I have no idea if it takes the heap or the stack, or if it performs
faster or slower. If you still have whatever test you used on the
gobbler, perhaps you could tell us.

My guess is it will use O(1) stack and burn O(n) heap (in addition that
actually used by the result), so assymptotic complexity wise same as
heapGobbler, but probably higher constant factors with ghc due to lazy
building of take thunks and subsequent reduction and indirection costs.
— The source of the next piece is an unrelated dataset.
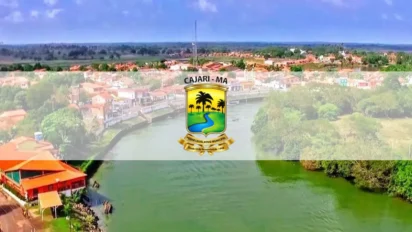 Concurso Cajari MA com vista aérea da cidade e rio ao centro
If you mean an example of it biting with lazy code, this is discussed
so often you'd be spoiled for choice if you search the mailing list
archives. Here's a good one..

  http://www.haskell.org/pipermail/haskell-cafe/2005-December/013521.html

This example actually shows the problem twice. In one case it's solvable
by using foldl' instead of foldl.

Which reduces the memory from O(n) to O(1).

Are you sure about that? Using foldl' here eliminates one of the two
possible sources of stack overflow, but it doesn't eliminate a space
leak. It's O(n) either way. Using strict Map insertion will eliminate
a space leak (in this case) and also a possible source stack overflow.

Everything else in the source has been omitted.